Khizr Khan, the Gold Star father whose emotional speech in Philadelphia and subsequent rebuke from then-candidate Donald Trump made him a national figure, said the NRCC’s latest television foray was “extremely disturbing.”
“The rhetoric in this ad is dangerous. And frankly it’s un-American,” Khan said in a statement.
Khan was referring to a recently-released NRCC spot that warns,“ISIS is infiltrating America, and is using Syrians to do it" -- a statement PolitiFact later rated as "false." The ad goes on to question the country's screening process for Syrian refugees, Democrats' calls to admit them and Ossoff's support of the Iran nuclear deal. "Jon Ossoff is just too risky," the spot concludes.
Ossoff dismissed the ad yesterday as “over the top” and said the NRCC was “fear-mongering.” His campaign was also quick to issue a TV response, which referenced his background as a documentary film producer.

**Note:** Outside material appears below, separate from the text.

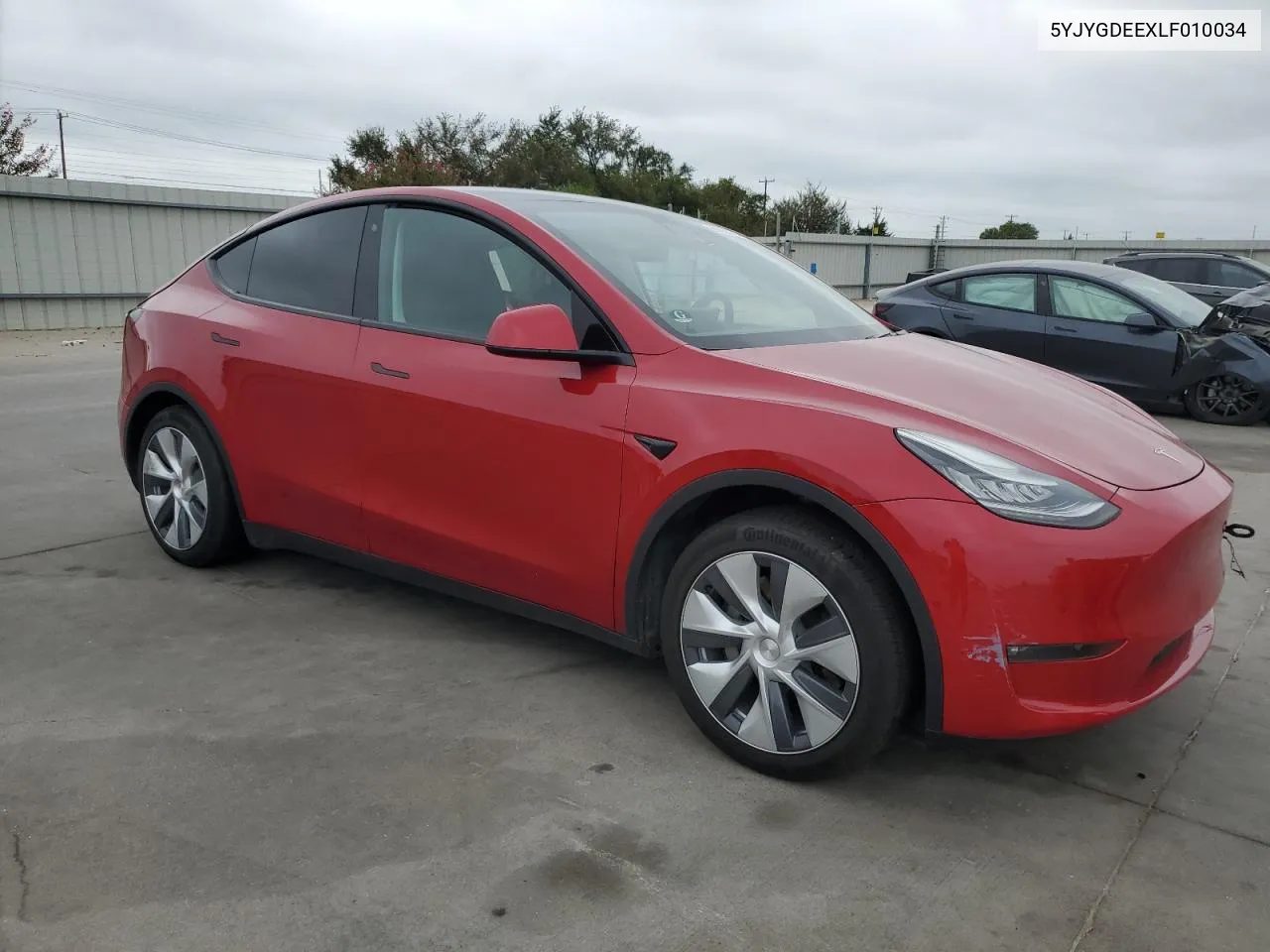 2020 Tesla Model Y VIN: 5YJYGDEEXLF010034 Lot: 69760784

Khan said Karen Handel, Ossoff's Republican opponent, needed to call out the NRCC and speak out against "fear mongering."
“This bigoted rhetoric … has become a main feature of our political discourse," he said in an interview Friday, citing a recent fatal stabbing incident on a train in Portland, Ore., as a recent example. "It is disturbing."
Handel's campaign did not respond to a request for comment. Maddie Anderson, a spokeswoman for the NRCC, said the group "deeply respects the Khan family and the sacrifice Captain Khan made for our country," referring to Khizr Khan's son.
"Terrorists are hell bent on destroying the very ideals our service members fought to protect, and Jon Ossoff's liberal positions on national security would put us at risk," Anderson said. "This race is about who best can keep Georgians safe."
Syria is one of six Muslim-majority countries that Trump sought to temporarily ban visitors and refugees from in a pair of executive orders earlier this year. The White House said the "pause" was needed while the administration boosted its vetting process to protect against terror attacks. Both orders have been held up in court, but the administration quietly moved to raise its refugee quota over the weekend.
Khan, a Muslim and Pakistani-American, came to prominence after he spoke at the DNC about his son, who was killed by a suicide bomber while serving a tour in Iraq in 2004. He's since been making the rounds against Trump's travel ban, but the longtime American citizen raised eyebrows after he cancelled an appearance in Canada and alleged his "travel privileges" were under review.
Khan said he supports Ossoff and hopes to visit the 6th District before voters hit the polls on June 20.